Precisamos falar das coisas como elas são. Precisamos nos manifestar considerando o atual momento do nosso país e do mundo. Vejo que estamos em um momento no Brasil, por exemplo, de reversão neocolonial. É o retorno da situação de colônia. Isso ocorre por vários fatores, e é influenciado por um movimento de extrema direita. Precisamos combater essa situação por meio da esquerda, chegando à sociedade com fatos e contrapondo os conservadores.
A Comissão da Mulher é presidida pela senhora atualmente. Quais os principais temas hoje na cidade que dizem respeito às mulheres?
O feminicídio e a violência política de gênero infelizmente são realidades permanentes. Temos discutido muito na comissão o aumento do assassinato de mulheres negras, por exemplo, além do aumento dos assassinatos das crianças. E por quais motivos debater esse tipo de crime contra as crianças? Há uma tendência de que o feminicídio seja acompanhado pelo assassinato dos filhos da mulher. É uma realidade que não vejo como coincidência, já que acontece na medida em que temos o crescimento do número de propagadores do ódio contra as mulheres, principalmente nas redes sociais.
Vereadora, qual a sua opinião acerca da Comissão Processante que investiga o vereador Vini Oliveira?
Ficou explícito durante as oitivas que o Vini sabia que a médica que fez a denúncia estava trabalhando. Ele inclusive falou que teve acesso a uma planilha que mostrava os atendimentos que a servidora tinha realizado. Sei que existiram casos de corrupção envolvendo outros vereadores no passado que terminaram sem punição. Eu, inclusive, sempre apoiei as respectivas punições, mas não acho que é possível dizer que a prática do Vini é menos grave. Ele fez algo de forma articulada, pensada e sistemática. (A entrevista foi realizada dias antes da leitura do relatório da CP que recomendou a absolvição de Vini Oliveira em plenário. Nelson Hossri, relator, e Nick Schneider foram favoráveis à absolvição. Mariana defendeu a cassação de Vini.
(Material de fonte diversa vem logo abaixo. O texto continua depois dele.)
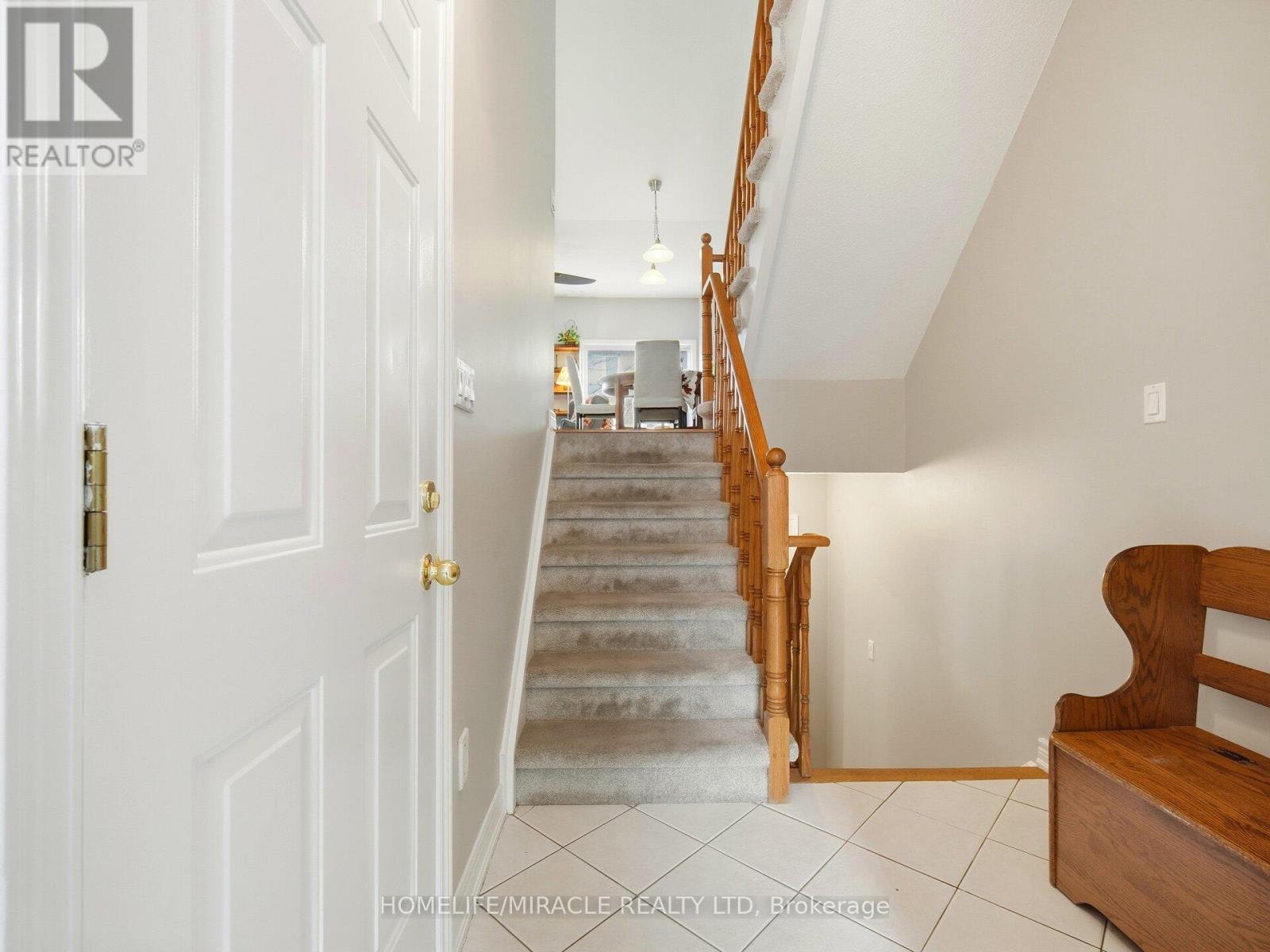 3 Purple Finch Court, Brampton, Ontario  L6X 5A3 - Photo 29 - W12782356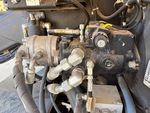 Moteur with 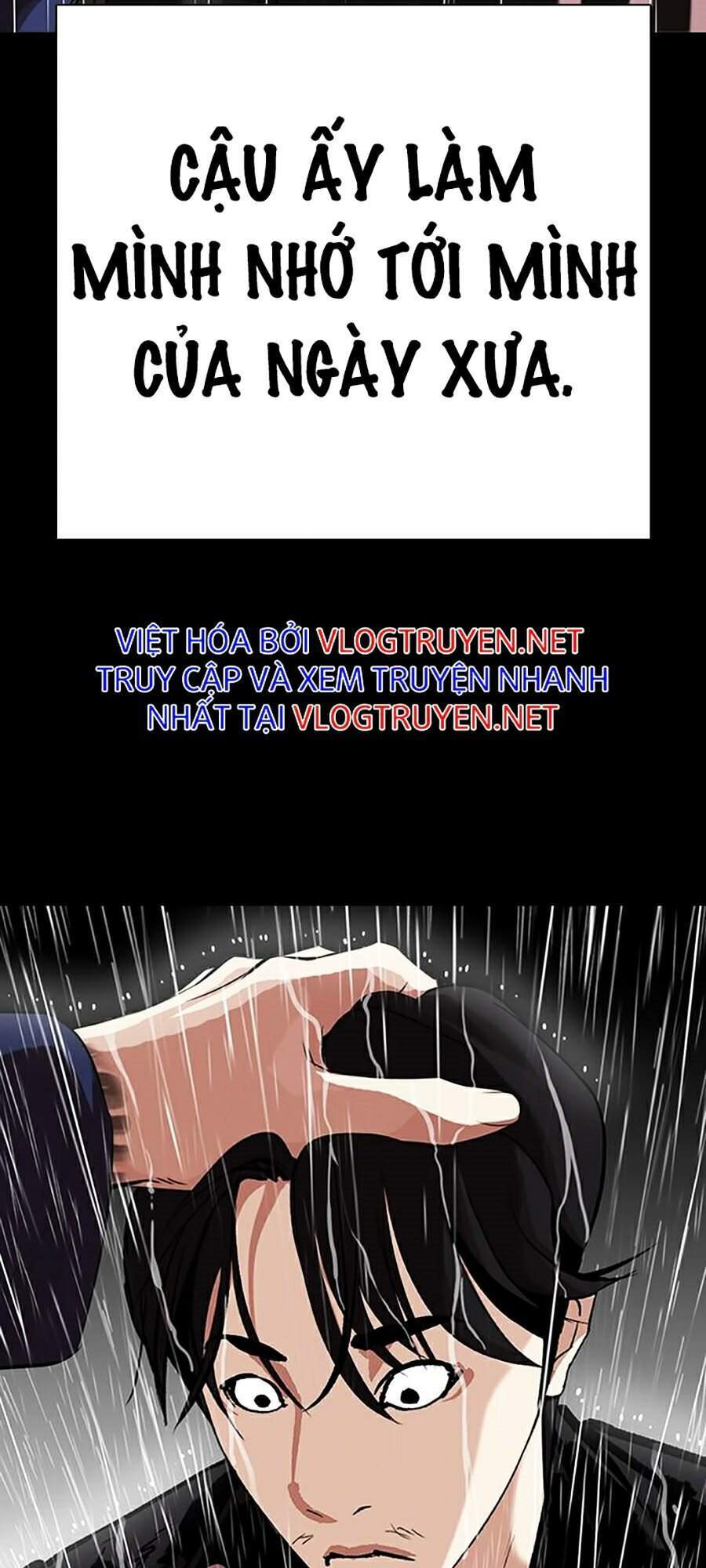 Chương 317 - trang 147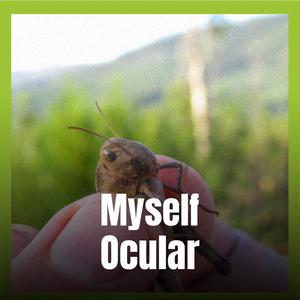 Myself Ocular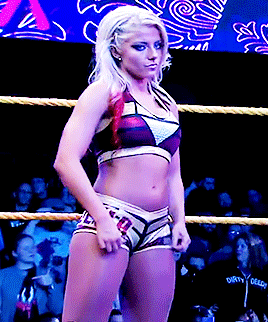 tumblr_o1blunaEL91rmv1vdo2_400.gif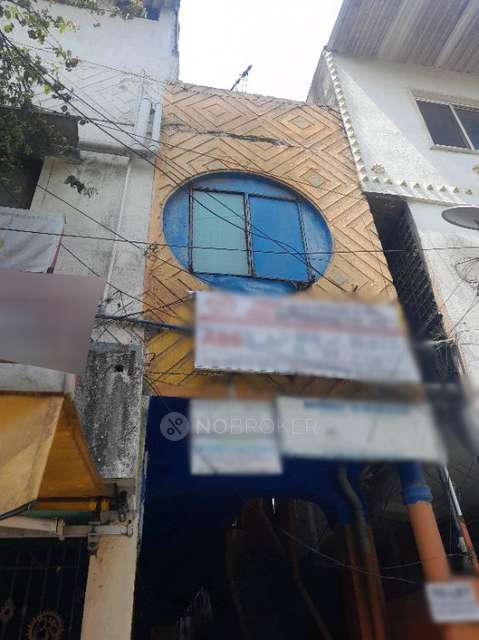 Office Space in West Mambalam, Chennai for Rent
O parecer da CP será levado aos demais parlamentares na terça-feira).
E quanto ao caso do vereador Zé Carlos?
Eu defendo a cassação do vereador Zé Carlos. A multa não é suficiente. Eu votei pela abertura da Comissão Processante em 2023 e sigo defendendo isso.
Como atuar em um ambiente majoritariamente masculino e conservador, como é a Câmara de Campinas?
Eu acho que fui desenvolvendo uma casca dura, sabem? (risos). É um ambiente muito conservador, com certa cordialidade. Mas a violência política de gênero, algo muito grave, acontece quando surgem polêmicas na Câmara. O que eu mais ouço é que eu não estou entendendo um determinado assunto assim que ele é discutido, entre outros exemplos. É a velha tática de desqualificar os seus adversários em um debate. Outro exemplo é lançar um jargão de que “a esquerda é violenta”.
Ou seja, a discussão ideológica na Câmara, entre esquerda e direita, é pura retórica?
É um argumento retórico para fugir dos assuntos debatidos. Também acho que há outra questão. A extrema direita trabalha com a mobilização constante dos seus apoiadores. Faz parte da estratégia desse grupo incitar permanentemente os seus apoiadores. Como eles fazem isso? Apontando para um inimigo. E quem é esse inimigo? A esquerda.
Como está a preparação da oposição para a próxima disputa eleitoral municipal?
O atual cenário é muito instável. Tudo pode acontecer, inclusive nada (risos). Então temos de analisar os cenários que podem mudar conforme o tempo passa. Essa instabilidade que vejo acontecer hoje em nossa sociedade, além de posições adotadas por vários atores políticos, como o prefeito Dário Saadi apoiando figuras consideradas bolsonaristas, a exemplo do governador Tarcísio de Freitas (Republicanos), pode gerar espaços para a criação de novas alternativas. Essa geração de espaços precisa ser trabalhada.
Mariana, para finalizar, quais são seus hobbies atuais?
Voltei a praticar teatro, algo que eu fiz na minha adolescência, em Americana. Voltei às minhas origens. Estou achando muito legal.